We encountered another challenge related to scaling the Premium Azure Function app. Despite our efforts in configuring Event-driven scaling or Target-based scaling, the number of instances scaling up was consistently limited to just 10. Considering we had 32 partitions in the Event Hub and a significant influx, the optimal number of Azure Function instances at peak should have been 32. Unfortunately, the scaling was capped at a mere 10 instances, causing an overall slowdown in the processing.

The root of the issue lay in the subnet capacity, which had a limited amount of addresses. The CIDR block size was set to /28, resulting in a restricted number of available addresses. The maximum number of available addresses in /28 CIDR block size was just 11 (see table below), but we needed more!

Maximum number of available addresses in /28 CIDR block
Table 1. Source: Azure subnets 

The scaling of the Azure Function began functioning as anticipated after modifying the configuration to employ a /26 CIDR block size!

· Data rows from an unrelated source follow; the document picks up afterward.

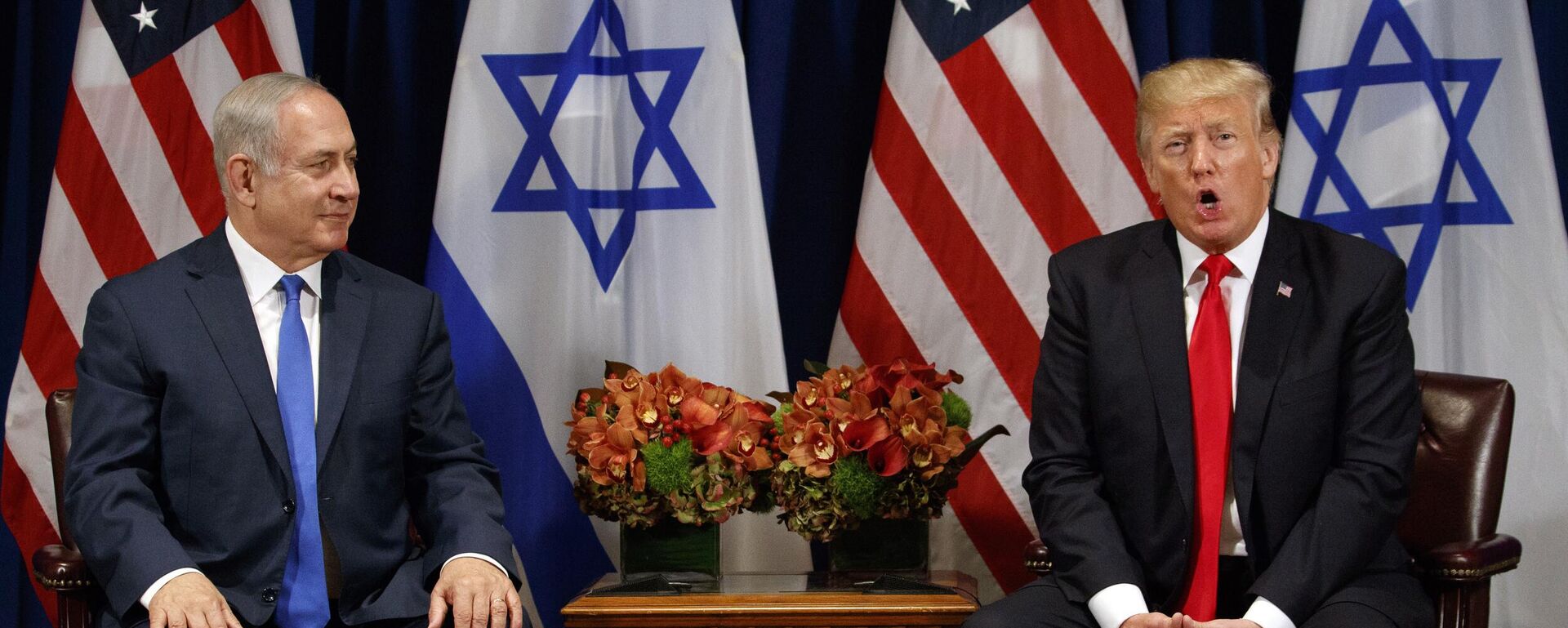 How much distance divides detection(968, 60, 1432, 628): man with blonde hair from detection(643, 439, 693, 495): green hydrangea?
28.2 inches

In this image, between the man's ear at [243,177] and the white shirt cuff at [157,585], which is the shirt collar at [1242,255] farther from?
the white shirt cuff at [157,585]

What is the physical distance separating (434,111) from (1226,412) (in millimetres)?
2350

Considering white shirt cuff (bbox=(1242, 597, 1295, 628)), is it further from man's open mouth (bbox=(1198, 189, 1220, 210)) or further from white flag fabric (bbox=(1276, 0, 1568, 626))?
white flag fabric (bbox=(1276, 0, 1568, 626))

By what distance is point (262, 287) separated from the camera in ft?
8.07

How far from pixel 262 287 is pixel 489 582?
2.19 feet

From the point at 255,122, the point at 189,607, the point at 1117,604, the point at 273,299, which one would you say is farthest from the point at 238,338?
the point at 1117,604

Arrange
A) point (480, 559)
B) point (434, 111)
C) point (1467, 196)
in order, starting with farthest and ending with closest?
point (434, 111), point (1467, 196), point (480, 559)

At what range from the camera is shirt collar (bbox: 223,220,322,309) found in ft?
8.06

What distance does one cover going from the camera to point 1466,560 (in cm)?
236

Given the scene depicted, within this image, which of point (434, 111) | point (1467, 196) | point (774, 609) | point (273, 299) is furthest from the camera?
point (434, 111)

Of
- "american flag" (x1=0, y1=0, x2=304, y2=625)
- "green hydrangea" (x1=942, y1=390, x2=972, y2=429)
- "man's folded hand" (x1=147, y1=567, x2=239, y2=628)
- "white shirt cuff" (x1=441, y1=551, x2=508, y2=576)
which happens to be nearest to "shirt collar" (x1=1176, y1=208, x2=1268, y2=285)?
"green hydrangea" (x1=942, y1=390, x2=972, y2=429)

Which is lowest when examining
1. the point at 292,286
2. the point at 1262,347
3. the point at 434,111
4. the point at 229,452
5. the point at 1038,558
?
the point at 1038,558

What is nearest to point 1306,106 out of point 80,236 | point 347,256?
point 347,256

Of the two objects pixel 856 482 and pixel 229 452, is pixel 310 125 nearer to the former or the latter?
pixel 229 452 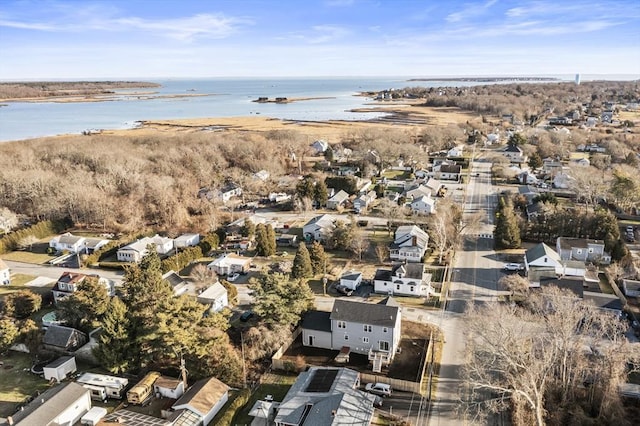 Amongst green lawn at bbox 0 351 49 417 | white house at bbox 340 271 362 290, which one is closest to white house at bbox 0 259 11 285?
green lawn at bbox 0 351 49 417

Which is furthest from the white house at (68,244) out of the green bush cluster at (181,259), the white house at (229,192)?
the white house at (229,192)

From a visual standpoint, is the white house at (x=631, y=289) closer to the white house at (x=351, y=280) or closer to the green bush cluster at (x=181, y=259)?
the white house at (x=351, y=280)

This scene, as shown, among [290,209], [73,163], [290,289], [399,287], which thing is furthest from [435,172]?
[73,163]

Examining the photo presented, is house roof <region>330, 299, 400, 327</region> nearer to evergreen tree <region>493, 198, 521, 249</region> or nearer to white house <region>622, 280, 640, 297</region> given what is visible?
white house <region>622, 280, 640, 297</region>

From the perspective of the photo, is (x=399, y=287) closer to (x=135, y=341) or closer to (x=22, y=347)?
(x=135, y=341)

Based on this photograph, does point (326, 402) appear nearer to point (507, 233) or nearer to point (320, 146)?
point (507, 233)

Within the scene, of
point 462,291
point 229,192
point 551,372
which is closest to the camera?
point 551,372

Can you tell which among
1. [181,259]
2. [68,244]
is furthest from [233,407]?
[68,244] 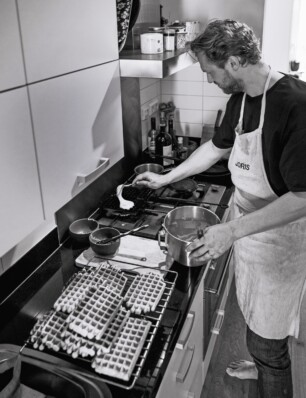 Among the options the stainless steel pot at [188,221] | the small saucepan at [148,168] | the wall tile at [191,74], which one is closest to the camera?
the stainless steel pot at [188,221]

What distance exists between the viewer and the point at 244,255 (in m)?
1.68

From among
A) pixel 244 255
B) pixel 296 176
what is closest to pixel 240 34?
A: pixel 296 176

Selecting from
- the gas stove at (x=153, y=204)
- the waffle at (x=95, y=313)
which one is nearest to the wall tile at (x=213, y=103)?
the gas stove at (x=153, y=204)

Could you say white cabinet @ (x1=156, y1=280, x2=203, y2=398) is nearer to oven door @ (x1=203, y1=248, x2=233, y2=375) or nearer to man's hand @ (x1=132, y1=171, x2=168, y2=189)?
oven door @ (x1=203, y1=248, x2=233, y2=375)

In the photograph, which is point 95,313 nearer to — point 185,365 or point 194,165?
point 185,365

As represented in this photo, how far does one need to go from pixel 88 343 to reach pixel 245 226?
25.0 inches

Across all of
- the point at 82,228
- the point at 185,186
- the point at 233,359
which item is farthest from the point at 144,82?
the point at 233,359

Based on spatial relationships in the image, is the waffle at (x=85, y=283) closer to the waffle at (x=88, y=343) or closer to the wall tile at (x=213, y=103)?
the waffle at (x=88, y=343)

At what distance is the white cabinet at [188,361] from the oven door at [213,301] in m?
0.08

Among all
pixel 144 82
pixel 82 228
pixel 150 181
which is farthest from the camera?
pixel 144 82

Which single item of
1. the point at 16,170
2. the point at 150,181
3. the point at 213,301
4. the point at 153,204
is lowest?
the point at 213,301

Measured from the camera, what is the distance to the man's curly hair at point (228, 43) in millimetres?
1378

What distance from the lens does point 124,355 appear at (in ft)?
3.41

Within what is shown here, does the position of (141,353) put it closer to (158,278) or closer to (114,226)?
(158,278) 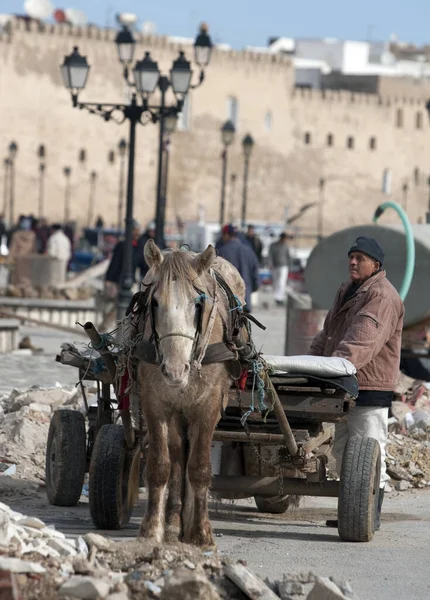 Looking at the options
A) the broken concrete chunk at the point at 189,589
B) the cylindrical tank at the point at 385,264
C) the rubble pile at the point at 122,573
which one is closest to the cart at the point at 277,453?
the rubble pile at the point at 122,573

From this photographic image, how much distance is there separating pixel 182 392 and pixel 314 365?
2.94ft

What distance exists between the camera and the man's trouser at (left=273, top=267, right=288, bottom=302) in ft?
103

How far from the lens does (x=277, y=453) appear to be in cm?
771

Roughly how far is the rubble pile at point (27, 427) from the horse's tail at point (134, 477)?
1.89 m

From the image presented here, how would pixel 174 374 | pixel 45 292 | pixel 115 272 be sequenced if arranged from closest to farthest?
1. pixel 174 374
2. pixel 115 272
3. pixel 45 292

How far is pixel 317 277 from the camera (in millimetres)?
16875

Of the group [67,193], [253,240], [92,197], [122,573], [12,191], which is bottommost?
[92,197]

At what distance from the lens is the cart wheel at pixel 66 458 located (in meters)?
8.08

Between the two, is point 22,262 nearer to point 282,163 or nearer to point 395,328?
point 395,328

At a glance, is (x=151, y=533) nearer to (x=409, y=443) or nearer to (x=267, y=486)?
(x=267, y=486)

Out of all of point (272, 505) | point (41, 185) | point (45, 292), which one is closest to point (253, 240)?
point (45, 292)

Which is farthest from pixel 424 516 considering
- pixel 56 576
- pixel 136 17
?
pixel 136 17

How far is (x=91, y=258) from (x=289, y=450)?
41.3m

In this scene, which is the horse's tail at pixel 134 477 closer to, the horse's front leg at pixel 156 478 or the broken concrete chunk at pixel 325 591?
the horse's front leg at pixel 156 478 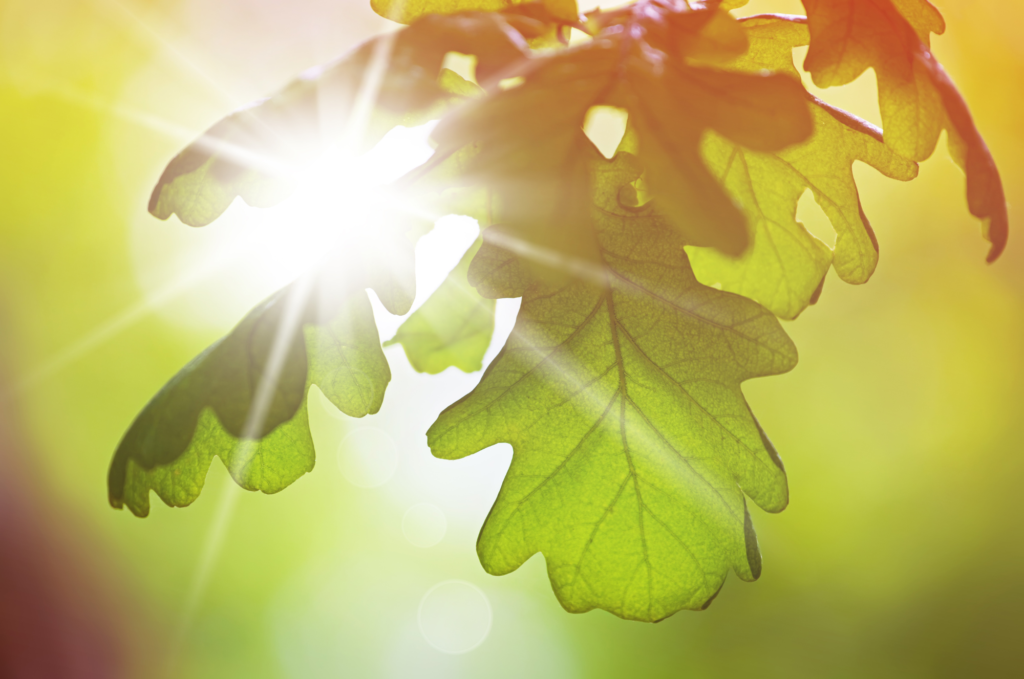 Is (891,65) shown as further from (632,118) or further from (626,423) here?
(626,423)

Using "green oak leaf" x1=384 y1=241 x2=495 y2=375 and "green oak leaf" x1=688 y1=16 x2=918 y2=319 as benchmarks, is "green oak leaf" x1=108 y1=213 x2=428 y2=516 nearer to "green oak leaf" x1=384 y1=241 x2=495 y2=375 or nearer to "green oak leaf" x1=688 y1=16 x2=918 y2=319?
"green oak leaf" x1=384 y1=241 x2=495 y2=375

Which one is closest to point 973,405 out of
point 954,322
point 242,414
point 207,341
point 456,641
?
point 954,322

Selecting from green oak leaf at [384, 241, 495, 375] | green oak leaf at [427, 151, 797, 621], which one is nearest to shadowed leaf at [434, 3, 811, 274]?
green oak leaf at [427, 151, 797, 621]

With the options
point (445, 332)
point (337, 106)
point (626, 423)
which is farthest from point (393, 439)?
point (337, 106)

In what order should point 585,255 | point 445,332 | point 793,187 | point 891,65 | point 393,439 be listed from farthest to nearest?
1. point 393,439
2. point 445,332
3. point 793,187
4. point 891,65
5. point 585,255

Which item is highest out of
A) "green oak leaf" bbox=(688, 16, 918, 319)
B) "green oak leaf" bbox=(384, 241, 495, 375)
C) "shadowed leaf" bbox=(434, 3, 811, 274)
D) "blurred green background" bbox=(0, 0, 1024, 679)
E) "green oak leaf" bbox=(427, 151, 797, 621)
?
"shadowed leaf" bbox=(434, 3, 811, 274)

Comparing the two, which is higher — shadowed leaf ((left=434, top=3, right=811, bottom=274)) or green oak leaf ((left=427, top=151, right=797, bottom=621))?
shadowed leaf ((left=434, top=3, right=811, bottom=274)) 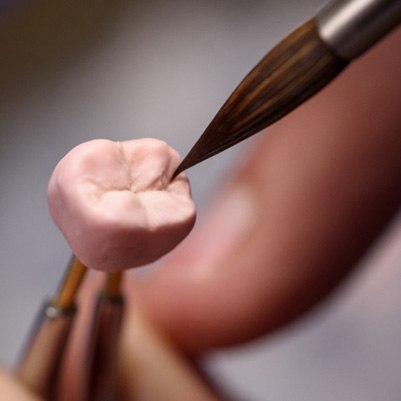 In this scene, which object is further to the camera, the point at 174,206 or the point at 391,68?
the point at 391,68

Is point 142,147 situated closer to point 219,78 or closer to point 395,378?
point 219,78

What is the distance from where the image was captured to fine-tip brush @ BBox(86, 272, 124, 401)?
13 centimetres

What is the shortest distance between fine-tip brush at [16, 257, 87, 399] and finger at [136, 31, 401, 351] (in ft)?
0.23

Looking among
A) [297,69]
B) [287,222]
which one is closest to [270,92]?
[297,69]

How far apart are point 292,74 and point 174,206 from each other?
0.02m

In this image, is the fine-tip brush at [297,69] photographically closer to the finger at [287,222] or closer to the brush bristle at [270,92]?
the brush bristle at [270,92]

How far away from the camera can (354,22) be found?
0.10 m

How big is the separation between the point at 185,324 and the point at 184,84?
7 centimetres

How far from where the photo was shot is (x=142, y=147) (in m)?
0.10

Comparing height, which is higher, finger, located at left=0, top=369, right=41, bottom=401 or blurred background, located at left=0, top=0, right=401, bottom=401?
blurred background, located at left=0, top=0, right=401, bottom=401

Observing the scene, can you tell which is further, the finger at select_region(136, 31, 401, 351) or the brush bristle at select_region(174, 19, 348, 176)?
the finger at select_region(136, 31, 401, 351)

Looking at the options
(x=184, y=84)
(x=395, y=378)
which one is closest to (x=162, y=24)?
(x=184, y=84)

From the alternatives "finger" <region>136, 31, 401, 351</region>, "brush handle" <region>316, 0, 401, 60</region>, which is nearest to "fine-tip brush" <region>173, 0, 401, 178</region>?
"brush handle" <region>316, 0, 401, 60</region>

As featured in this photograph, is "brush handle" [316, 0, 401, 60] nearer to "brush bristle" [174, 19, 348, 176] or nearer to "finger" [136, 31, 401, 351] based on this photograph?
"brush bristle" [174, 19, 348, 176] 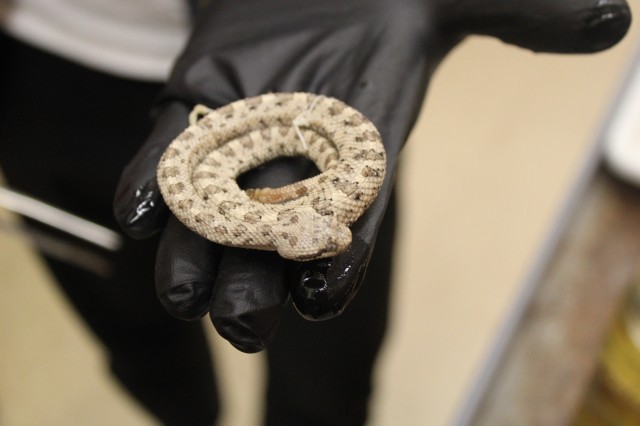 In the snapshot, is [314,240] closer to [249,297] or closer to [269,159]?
[249,297]

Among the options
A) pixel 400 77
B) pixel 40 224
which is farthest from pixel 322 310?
pixel 40 224

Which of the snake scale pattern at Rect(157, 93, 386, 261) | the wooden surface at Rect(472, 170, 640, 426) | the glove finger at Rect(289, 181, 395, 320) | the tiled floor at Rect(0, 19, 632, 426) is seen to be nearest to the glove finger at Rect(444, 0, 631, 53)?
the snake scale pattern at Rect(157, 93, 386, 261)

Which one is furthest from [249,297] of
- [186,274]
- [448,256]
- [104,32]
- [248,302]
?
[448,256]

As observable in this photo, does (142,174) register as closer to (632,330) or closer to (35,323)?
(632,330)

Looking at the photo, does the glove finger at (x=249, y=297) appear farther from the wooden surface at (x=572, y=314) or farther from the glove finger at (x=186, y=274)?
the wooden surface at (x=572, y=314)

Optimizing Concurrency Configuration to Manage High CPU Utilization

Our challenges were not over. The process of creating feeds, managed by Service Bus trigger Functions, was taking significantly longer than anticipated. The CPU utilization of the App Service Plan remained consistently high, hovering around 95 percent throughout the entire execution period.

We traced the root cause to the default handling of concurrent requests by the function. While a higher number of concurrent requests might speed up operations, we realized it's crucial to exercise finer control, especially for CPU/Memory-intensive tasks.

To address this, we adjusted the MaxConcurrentCalls parameter of the ServiceBus configuration to a lower value. This strategic modification helped strike a balance between the overall execution speed and CPU utilization.

Conclusion

Our experience in fine-tuning the system for heavy-duty tasks highlights how small changes can have a big impact. Simple tweaks, like using caching and proper lifetime scope for the objects, might seem small, but they can significantly boost the system's performance. Even minor shifts in cryptographic algorithms can make a noticeable difference. These little improvements worked together to take our system's performance to a whole new level.

In the world of handling massive amounts of data, it's crucial to understand that problems like the SNAT port issue we discussed may not be a big deal in regular applications. However, when dealing with a ton of data, every detail counts, and fixing even the smallest things can lead to major improvements in how well the system runs. This journey showed us that paying attention to the little things and always looking for ways to make things better is key to getting the best performance in high-pressure situations.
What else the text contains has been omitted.